Para 4 personas

Tiempo de preparación: 1 hora
La Coca de cebolla es típica de mi tierra, Tarragona. ¿Has oído hablar de ella? Es un bocado espectacular y muy sencilla se preparar. Queda una preparación muy ligera y crujiente que encantará a todos. Su aspecto puede parecer el de una pizza, pero no tiene mucho que ver. En casa nos encanta y estoy segura que una vez que la preparares, repetirás muchas veces.
1.- Prepara la masa. Coloca en un bol la harina, la levadura, la sal, el aceite y el agua. Mezcla con una espátula y cuando ya no puedas seguir trabajando la masa con la espátula, utiliza las manos y sigue amasando, 4 o 5 minutos, hasta integrar todos los ingredientes. Deja que repose durante 30 minutos en el bol tapado.
2.- Cocina la cebolla y los pimientos. Corta la cebolla en juliana y cocínala poco a poco en una sartén con un chorro de aceite de oliva hasta que empiece a tomar color aproximadamente en 20 minutos. Asa el pimiento en el horno con calor arriba y abajo a 250 grados durante 20 minutos.
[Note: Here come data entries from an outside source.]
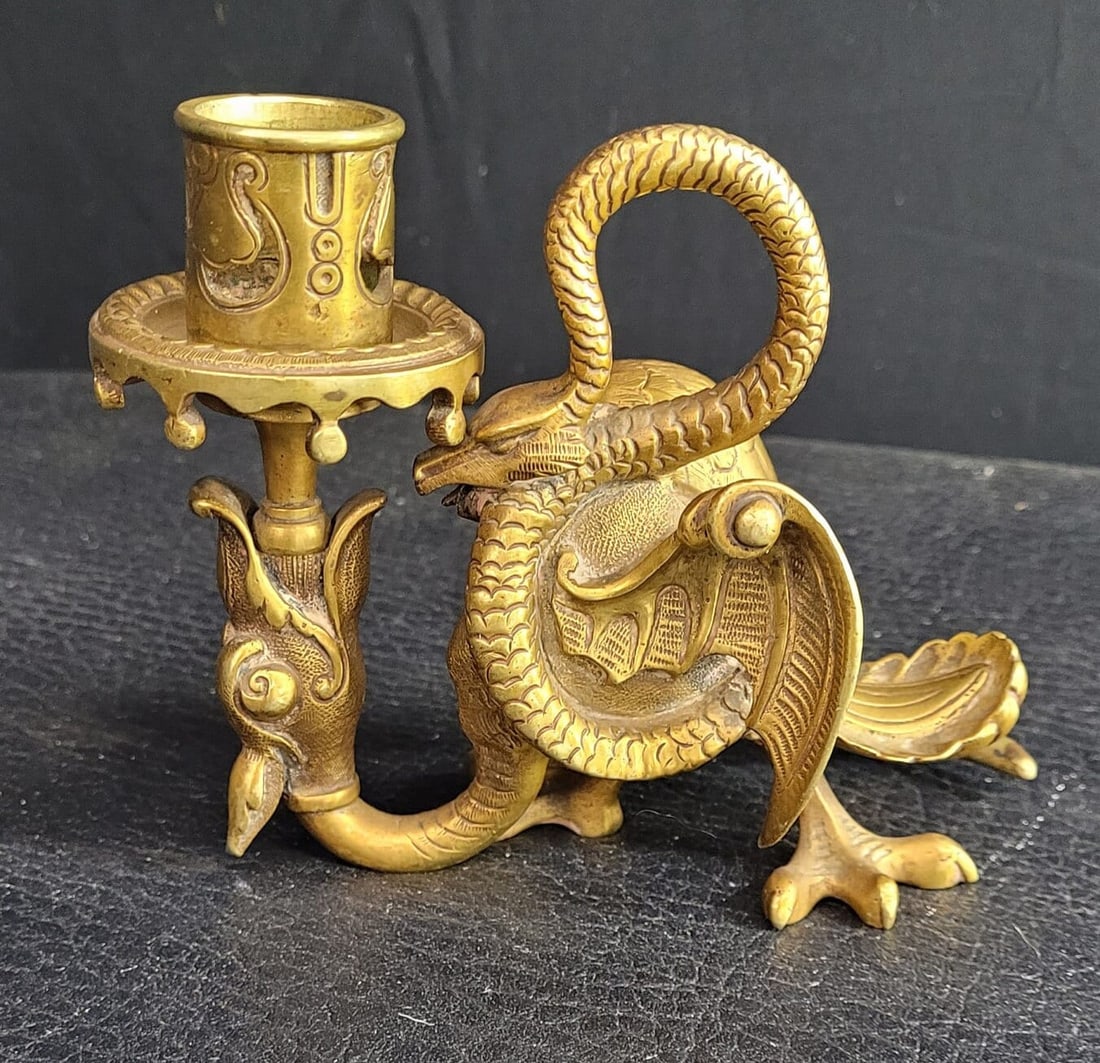 Antique Gold Gilt Bronze Dragon and Snake Candle Holder Alter Piece (1 of 6)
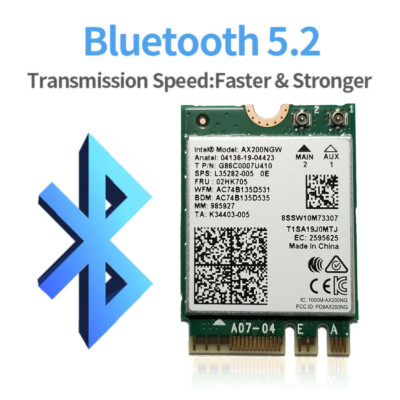 WiFi 6 Intel AX200NGW M.2 NGFF Wireless Card 802.11ax Network Bluetooth 5.2
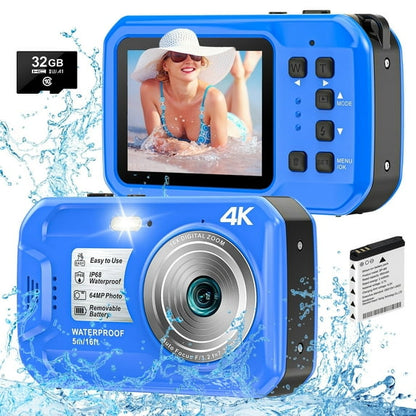 SEREE Waterproof Camera 4K UHD 64MP 16X Digital Zoom Compact Digital Underwater Camera with 32GB Card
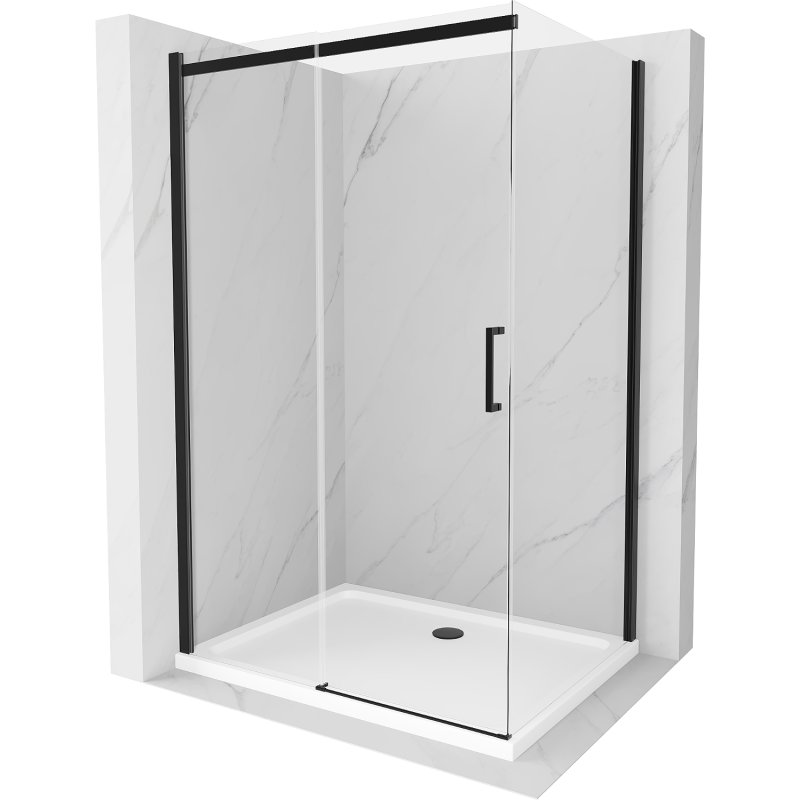 Mexen Omega kabina prysznicowa rozsuwana 120x100 cm, transparent, czarna + brodzik Flat, biały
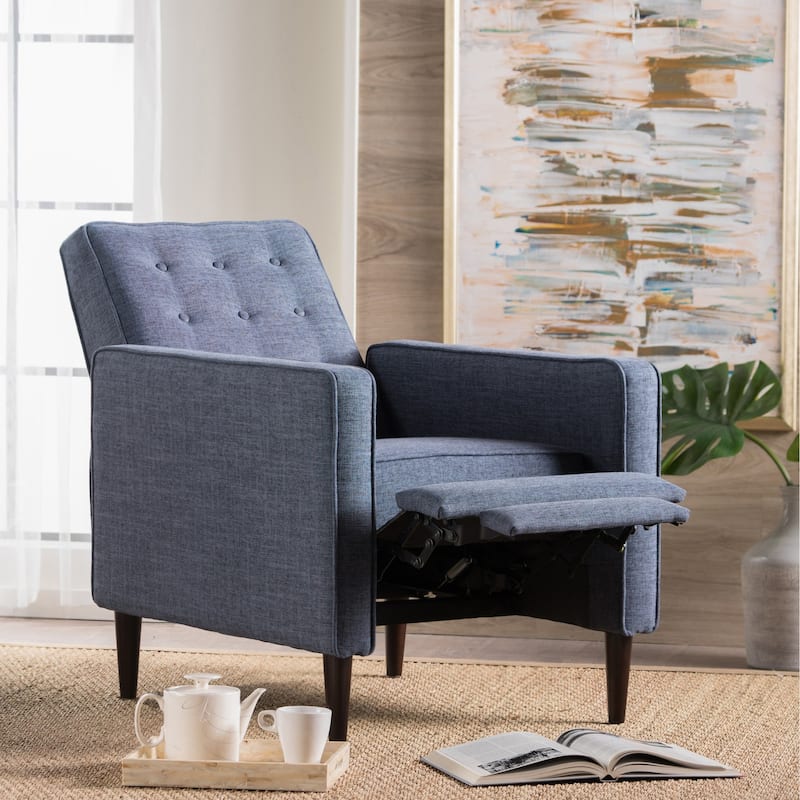 Mervynn Mid-Century Modern Button Tufted Fabric Recliner by Christopher Knight Home - Dark blue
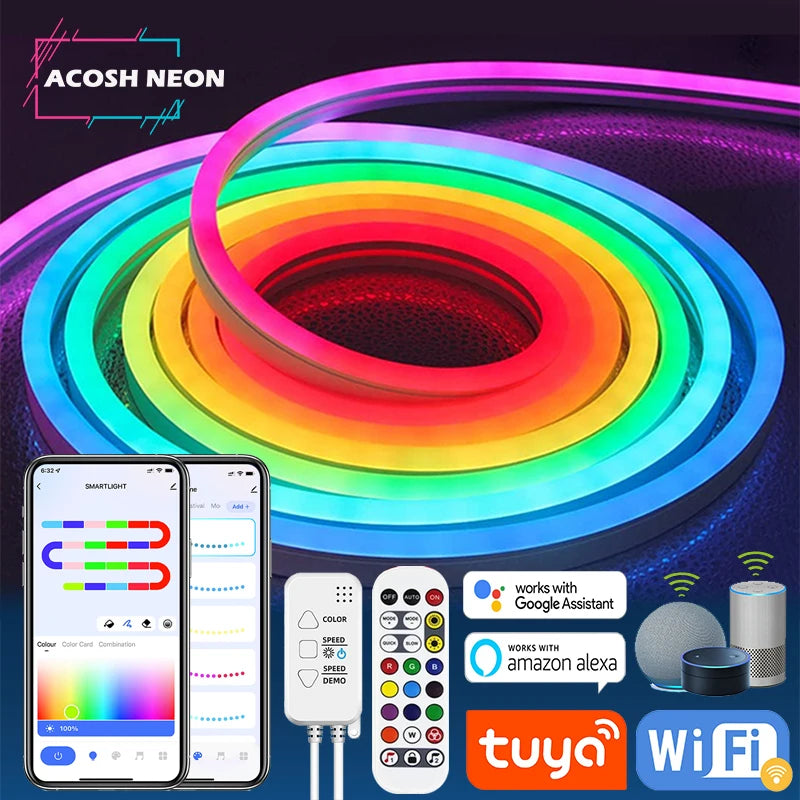 Neon LED Strip Lights 12-24V 84LEDs/M Silicone Neon Rope Light with Music Sync RGBIC Dreamcolor Chasing Strip Tape for Room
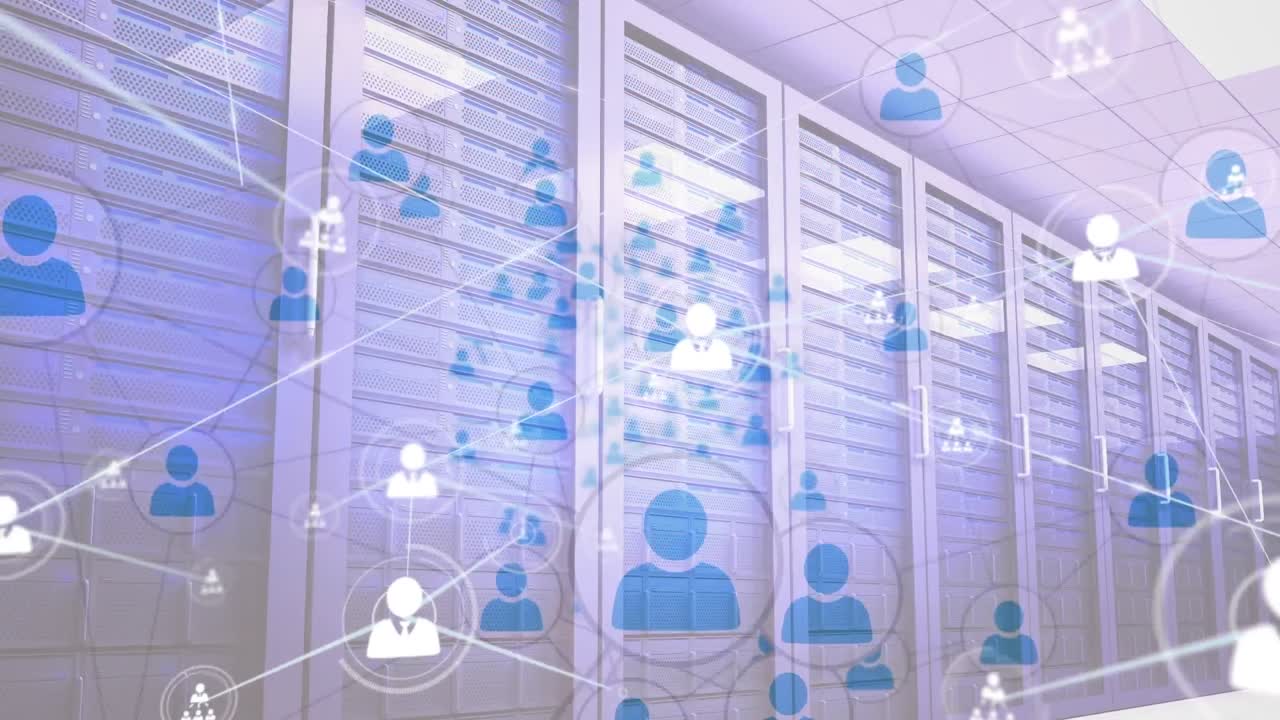 animación de servidores informáticos con iconos y red de conexiones.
3.- Estira la masa. Coloca la masa en la mesa enharinada, quítale el aire con las manos y estírala con el rodillo dándole la forma rectangular. Lleva la masa a una bandeja sobre papel de horno. Coloca encima la cebolla bien repartida y las tiras de pimiento. Riega con un buen chorro de aceite de oliva.
4.- Hornea en la parte central del horno a 230 grados durante 20 minutos o hasta que veas que la masa está dorada.
Ya sabes que todos los hornos no calientan igual, sácala cuando veas que la masa está dorada.
Esta coca se come fría, así que déjala que enfríe antes de comerla.